Ousting Philip Green’s lawyers because of an alleged conflict of interest was a “tactical move” move to hinder his bid for Marks and Spencer, according to the law firm that was removed.

Freshfields Bruckhaus Deringer hit back at the tactics used to force them to stand down, insisting that not a word of confidential information was revealed to the retail entrepreneur’s consortium.

Hugh Crisp, Freshfields chief executive, said: “The only thing we’re really concerned about is that there is no suggestion that we gave confidential information – or ever would have given it – to Philip Green’s consortium. Any lawyer that did that would lose his job and his career.”

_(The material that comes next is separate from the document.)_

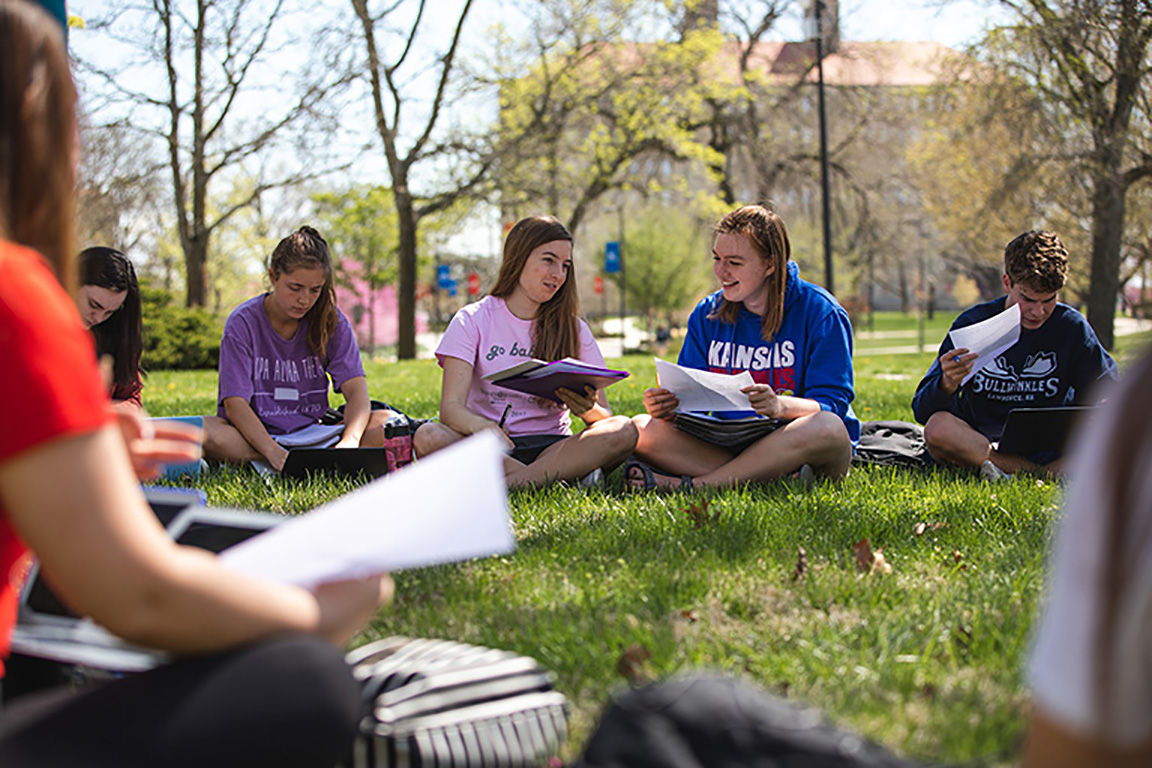 KU Students Learning on campus outdoors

The firm will now miss out on fees for the bid that could have run into millions.

M&S had expressed concerns that Freshfields’ previous work for the retailer, especially its advice on an employment contract for George Davis, designer of its Per Una clothing range, would put it in possession of sensitive information that could be directly relevant to the bid.

A high court judge ruled that the potential conflict was so serious that Chinese walls would not be seen as appropriate to overcome the conflict.

Freshfields was forced to step aside when the Court of Appeal agreed.

But, speaking after they had ceased work on the bid, the lawyers said they had gone through their normal conflicts process and were still convinced there was no conflict.

Barry O’Brien, who led the bid team, said he never had knowledge of any details of the employment contract and the firm would have needed a “crystal ball” to realise when it took on the job that the contract would be considered so central to the offer.

He said his team was “very disappointed” to be off the bid and an air of “gallows humour” had descended on his team since losing the work.

Rather than the lost fees, the firm said it was most concerned that its integrity had been challenged and its assurance that no confidential information would or had passed was not enough to satisfy Slaughter and May, M&S’s lawyers.

Because the court accepted that the firm had always acted in good faith, Mr Crisp said that had left the firm feeling it was the victim of a tactical move to remove Mr Green’s first-choice advisers.